Tivemos Meia Soquete, Paquitas, Banana Split, Sublime, entre mil outras que caíram
no mais duro esquecimento, todas não passando de grupos fabricados por
espertos produtores, em geral um executivo de gravadora com supostos
conhecimentos musicais e dois músicos ou produtores de estúdio.
De
que adianta botar essas mulheres para gravarem discos, se o que elas cantam é
feito por um grupo de homens, se os instrumentos são coisa também de outros
homens (mas se tiver outra mulher envolvida não faz diferença, pois não será
alguma das intérpretes)?

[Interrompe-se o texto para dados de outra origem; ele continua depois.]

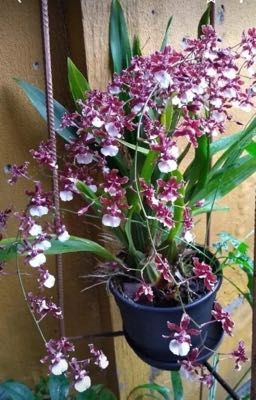 [sk] tình yêu da lô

Ainda que nas performances ao vivo (ou quase isso,
vide o "pleibeque") um grupo desses só aparecesse cantando e dançando,
seria pelo menos razoável que, nas sessões de estúdio, a maioria das
integrantes pudesse tocar instrumento, fazer arranjos e compor. Como ocorria
na soul music,
quando seus grupos vocais mostravam integrantes que, nas gravações dos seus
discos, tocavam um ou mais instrumentos cada um.
Mas
o conservadoríssimo mercado fonográfico brasileiro, que sempre aposta na
decadência da música em prol do sucesso fácil e do igualmente fácil
faturamento empresarial, ainda aposta nesses grupos que, por trás da aparente
simpatia e carisma de seus integrantes, esconde todo um processo de exploração,
manipulação por parte de seus "descobridores" e
"produtores", pressões e falta de autêntica autonomia dos intérpretes.
Só para se ter uma idéia, é por causa de manipulações e pressões assim
que o mundo perdeu o grandioso ídolo do rock Elvis Presley.